About this task. Find the string "photo" in the data, then copy every line where it is found.

Material to process.
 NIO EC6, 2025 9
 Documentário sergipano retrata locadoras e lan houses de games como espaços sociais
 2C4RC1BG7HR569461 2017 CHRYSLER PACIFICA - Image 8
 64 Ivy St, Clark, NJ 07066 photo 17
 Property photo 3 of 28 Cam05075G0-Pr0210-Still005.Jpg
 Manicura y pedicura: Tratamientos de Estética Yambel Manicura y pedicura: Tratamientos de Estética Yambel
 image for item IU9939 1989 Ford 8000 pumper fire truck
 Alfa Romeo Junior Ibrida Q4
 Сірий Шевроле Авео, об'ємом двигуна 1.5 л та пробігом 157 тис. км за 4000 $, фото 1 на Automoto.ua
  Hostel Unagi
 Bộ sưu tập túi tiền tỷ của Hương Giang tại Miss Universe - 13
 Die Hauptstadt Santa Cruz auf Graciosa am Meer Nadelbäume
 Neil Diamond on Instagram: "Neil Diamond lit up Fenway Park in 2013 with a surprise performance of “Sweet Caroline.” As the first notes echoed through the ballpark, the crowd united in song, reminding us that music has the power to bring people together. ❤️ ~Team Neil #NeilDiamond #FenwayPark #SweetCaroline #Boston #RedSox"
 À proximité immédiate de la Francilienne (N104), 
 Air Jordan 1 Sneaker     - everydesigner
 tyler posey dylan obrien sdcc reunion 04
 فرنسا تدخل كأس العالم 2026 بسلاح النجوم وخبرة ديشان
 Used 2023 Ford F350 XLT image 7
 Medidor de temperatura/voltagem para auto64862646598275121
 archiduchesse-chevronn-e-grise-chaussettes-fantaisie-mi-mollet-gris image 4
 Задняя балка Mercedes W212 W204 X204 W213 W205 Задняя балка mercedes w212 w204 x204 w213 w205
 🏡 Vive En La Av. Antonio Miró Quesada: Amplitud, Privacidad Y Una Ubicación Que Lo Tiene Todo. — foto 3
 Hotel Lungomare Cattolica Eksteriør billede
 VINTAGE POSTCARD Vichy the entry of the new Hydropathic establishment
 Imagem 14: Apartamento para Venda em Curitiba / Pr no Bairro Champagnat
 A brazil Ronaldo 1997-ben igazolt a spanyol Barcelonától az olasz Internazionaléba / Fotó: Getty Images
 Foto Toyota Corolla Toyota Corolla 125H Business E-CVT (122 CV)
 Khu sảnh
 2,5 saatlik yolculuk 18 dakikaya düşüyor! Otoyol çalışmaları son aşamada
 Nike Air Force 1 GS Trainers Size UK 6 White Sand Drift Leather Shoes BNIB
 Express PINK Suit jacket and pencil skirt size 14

Answer space.
 64 Ivy St, Clark, NJ 07066 photo 17
 Property photo 3 of 28 Cam05075G0-Pr0210-Still005.Jpg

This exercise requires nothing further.